** Opening RECORDS TO USE block **

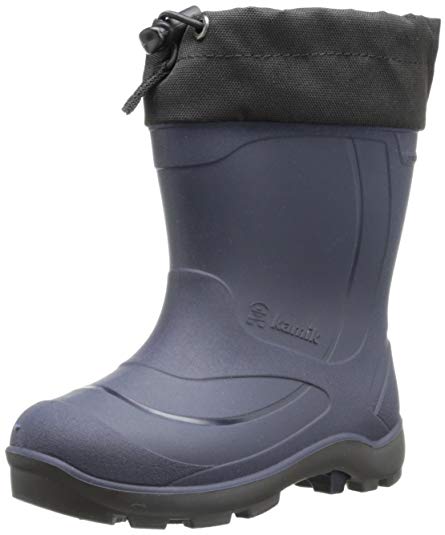 Kamik Kid's Waterproof Rubber Snobuster1 All Season Boots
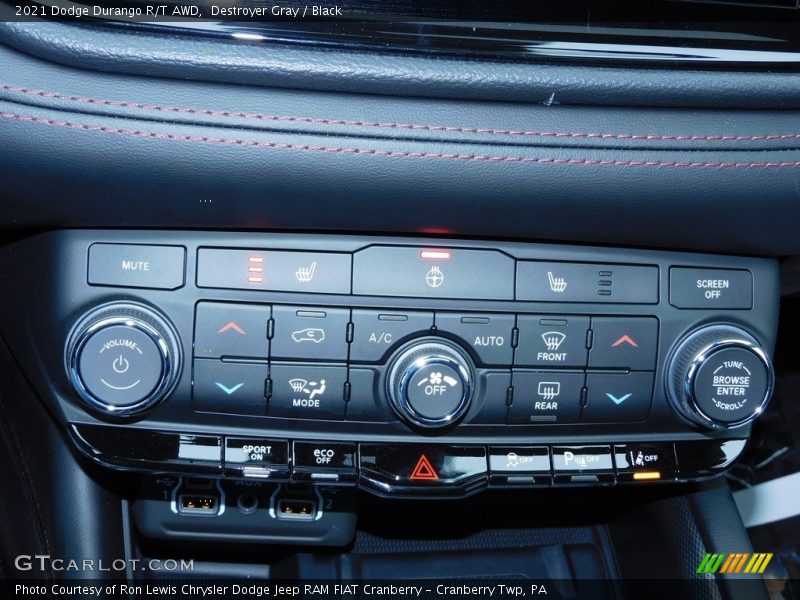 Destroyer Gray / Black 2021 Dodge Durango R/T AWD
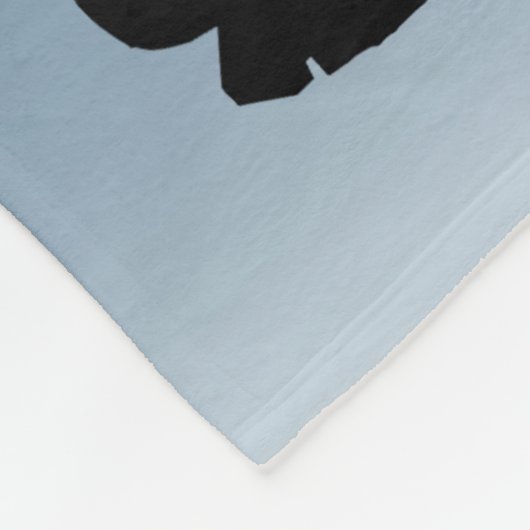 Blauwe basketbaltas voor alle sportvelden fleece deken (Hoek)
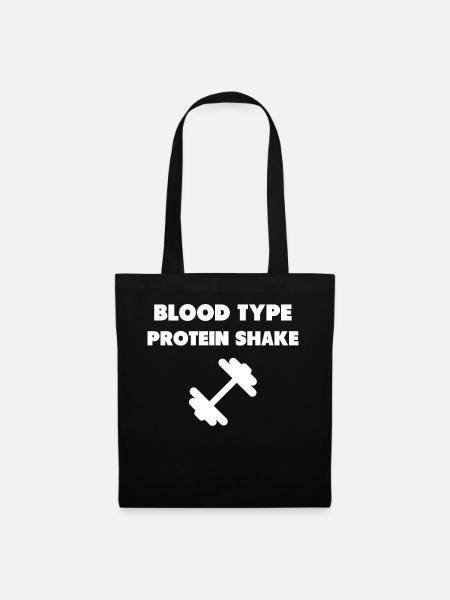 Funny Gym Shirt - Tote Bag - black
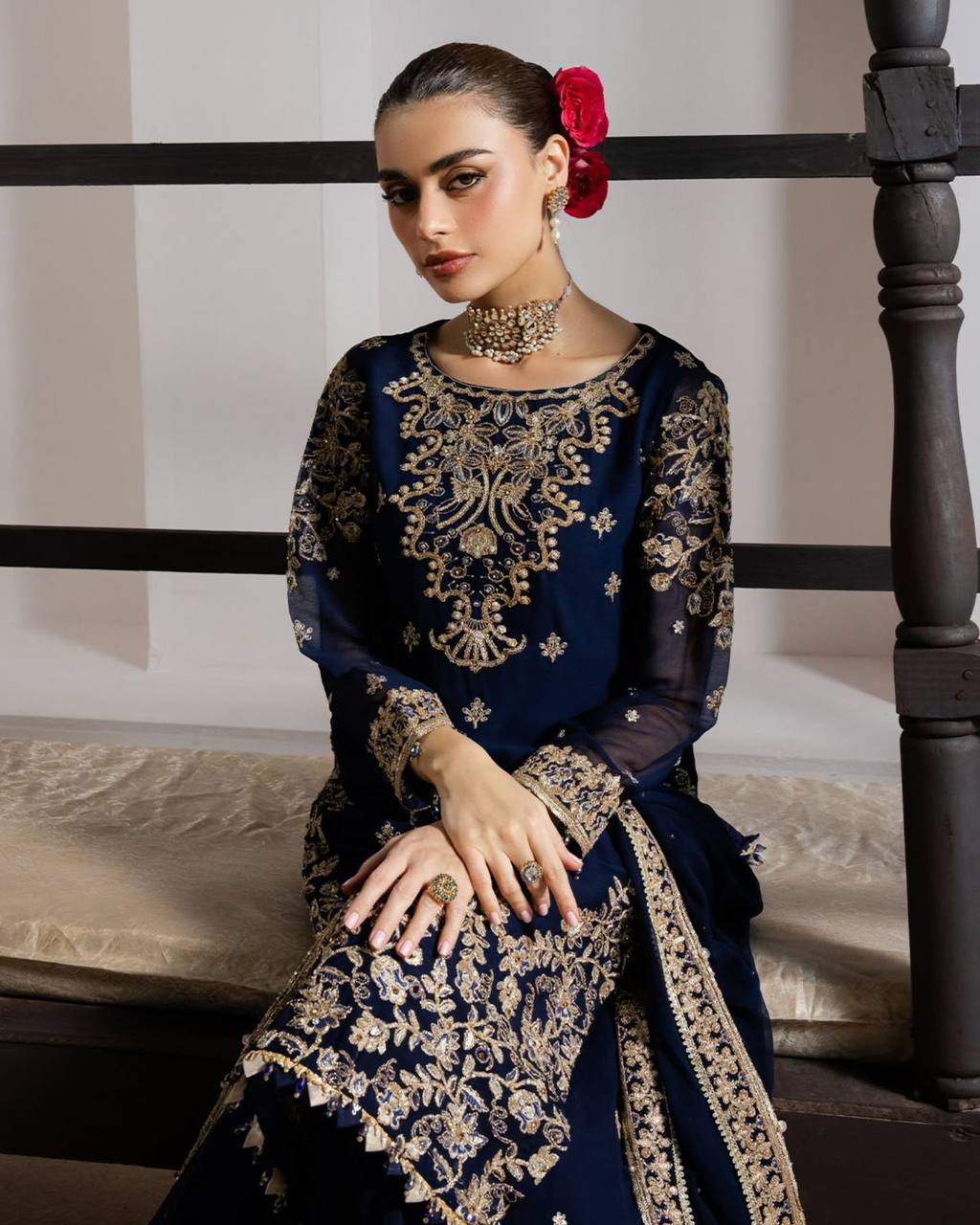 Zari Elegance Silk Palazzo Set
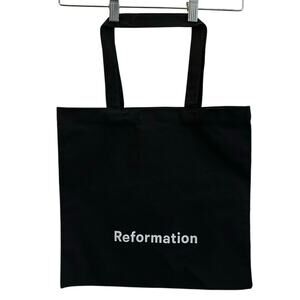 Reformation lightweight canvas Bback Tote Bag Small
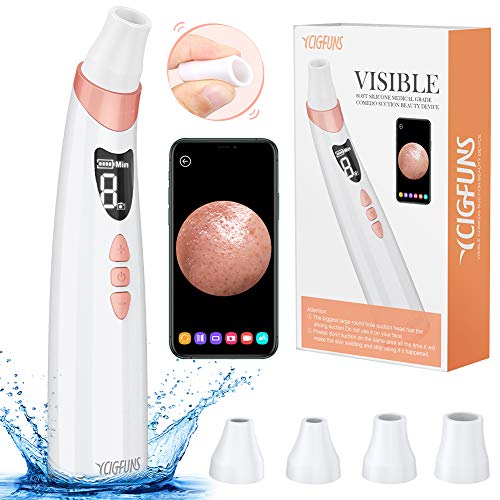 Blackhead Remover Vacuum with Camera Electric Facial Vacuum Pore Cleaner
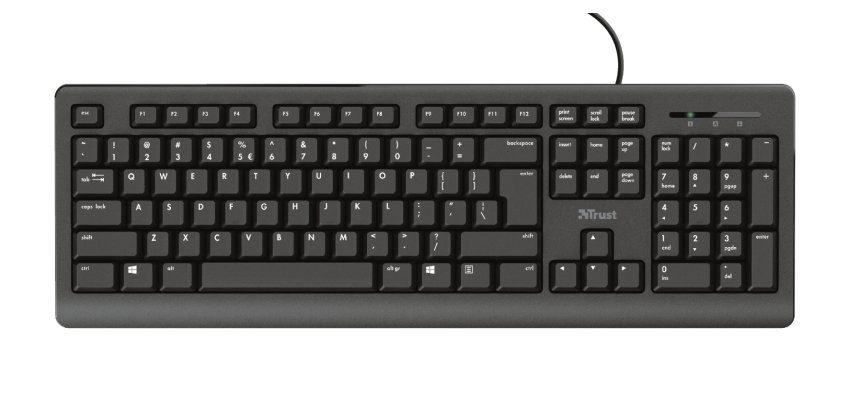 Trust Primo keyboard Universal USB QWERTY UK English Black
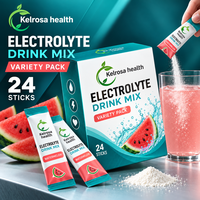 Poudre de boisson électrolytique aux fruits sans sucre pour l'hydratation quotidienne, nutrition sportive, marque privée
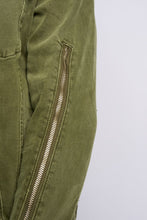 Load image into Gallery viewer, PHEELINGS METAMORPHOSIS DENIM JACKET (Olive)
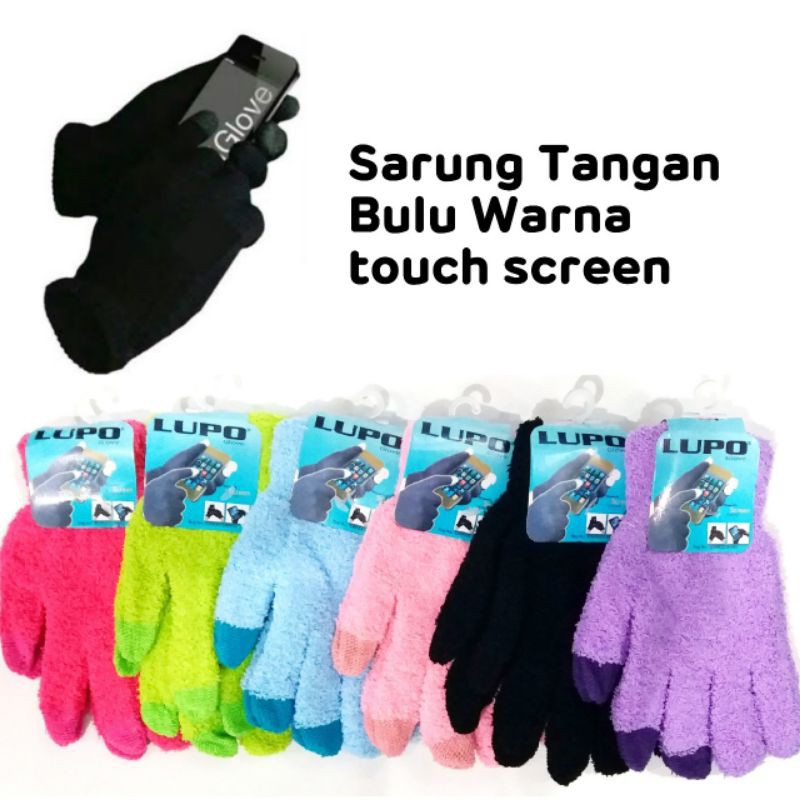 sarung tangan bulu touch screen warna sarung tangan wanita bulu lembut dewasa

** Closing RECORDS TO USE block **

*WHAT YOU HAVE TO DO*
Only the lines from the one containing "Funny Gym Shirt - Tote Bag - black" through the final line of the data should be given again, exactly and without pictures.

*RESPONSE TO THIS EXERCISE*
 Funny Gym Shirt - Tote Bag - black
 Zari Elegance Silk Palazzo Set
 Reformation lightweight canvas Bback Tote Bag Small
 Blackhead Remover Vacuum with Camera Electric Facial Vacuum Pore Cleaner
 Trust Primo keyboard Universal USB QWERTY UK English Black
 Poudre de boisson électrolytique aux fruits sans sucre pour l'hydratation quotidienne, nutrition sportive, marque privée
 Load image into Gallery viewer, PHEELINGS METAMORPHOSIS DENIM JACKET (Olive)
 sarung tangan bulu touch screen warna sarung tangan wanita bulu lembut dewasa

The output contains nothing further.